The increase in income tax expense in 2008 is primarily driven by adjustments to deferred income taxes for the impact
of completing an internal reorganization of our legal entity structure. The decrease in income tax expense in 2007 is
driven by adjustments to deferred income taxes for the impact of commencing an internal reorganization of our legal
entity structure and a reduction in the Kentucky state income tax rate. The Company’s effective tax rate in 2008 was
39.4 percent, compared to 21.6 percent in 2007 and 38.3 percent in 2006. The increase in the effective tax rate between
2008 and 2007 is due to upward adjustments to deferred income taxes upon completing an internal reorganization of
our legal entity structure, while 2007 includes the nontaxable gain from the split off of the publishing business and
downward adjustments to deferred income taxes upon commencing the reorganization of our legal entity structure. For
2009, the Company’s effective income tax rate is expected to range between 37.5 and 38.5 percent excluding any
possible one-time discrete items. Changes in the relative profitability of our operating segments, as well as recent and
proposed changes to federal and state tax laws may cause the rate to change from historical rates. See Note 12,
“Income Taxes”, to the accompanying consolidated financial statements for further discussion of income tax expense
and deferred taxes.
Discontinued Operations, Net of Tax
On November 21, 2008 Windstream completed the sale of its wireless business to AT&T Mobility II, LLC (see
Note 16). In connection with this transaction, we have reported the related results as discontinued operations and
recognized a pre-tax loss of $21.3 million to reduce the carrying value of the net assets sold to the transaction price less
costs to sell. Wireless business income before taxes was $9.7 million and $1.2 million in 2008 and 2007, respectively.
Additionally, the Company made additional tax payments of $14.8 million related to the excess of consideration
received over tax basis in the assets sold.
Extraordinary Item
As previously discussed, during the third quarter of 2006, Windstream discontinued the application of SFAS No. 71.
Pursuant to the guidance in SFAS No. 101, “Discontinuation of the Application of FASB Statement No. 71,” the
impact of discontinuing the application of SFAS No. 71 was recognized as an extraordinary gain, net of taxes. See
Note 2 for further discussion of the components of this gain.

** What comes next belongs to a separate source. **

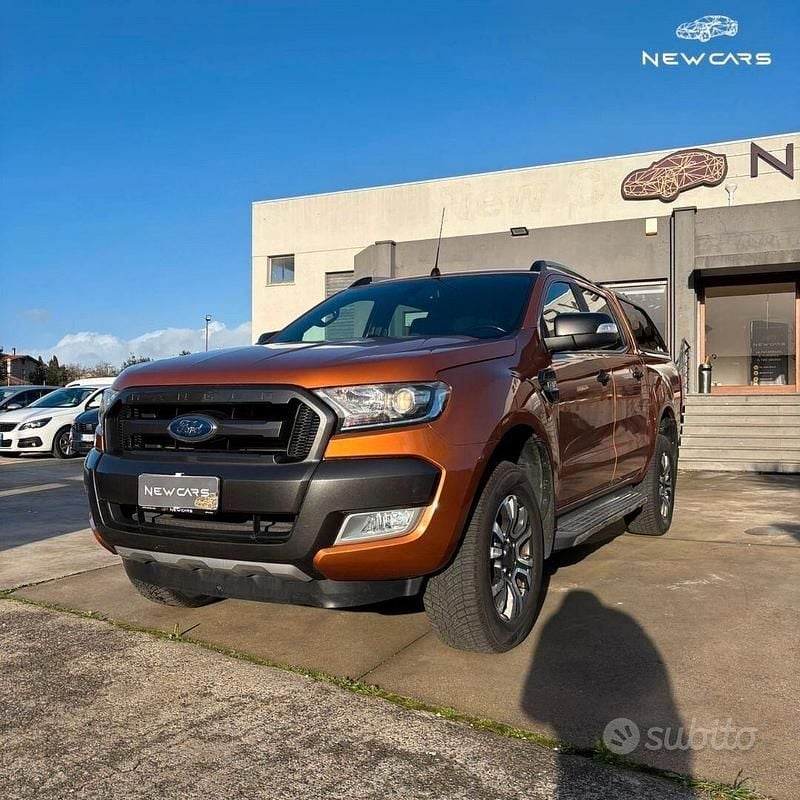 Usata Ford Ranger Wildtrack 160 CV (117 kW) 2017 Rosso Pick-up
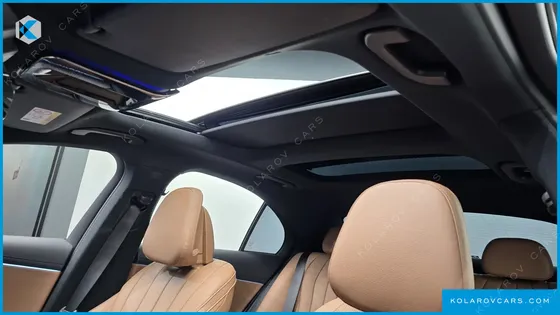 MERCEDES E-CLASS E300 4MATIC AMG LINE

FINANCIAL CONDITION, LIQUIDITY AND CAPITAL RESOURCES
Liquidity and Capital Resources
During 2008, the Company generated approximately $1.1 billion in cash flows from operations and ended the year with
$296.6 million in cash and cash equivalents. At December 31, 2008, current maturities of long-term debt were $24.3
million. The Company expects to fund the payment of these obligations through operating cash flows in 2009. At
December 31, 2008, the Company also had $343.2 million available to it under its $500.0 million revolving line of
credit, which expires in 2011. We expect that cash on hand, along with cash generated from operations over the next
year, will be adequate to finance our ongoing operating requirements, capital expenditures, scheduled principal
payments of long-term debt and payments of dividends in 2009. Any temporary cash needs will be funded through
borrowings available under the revolving line of credit.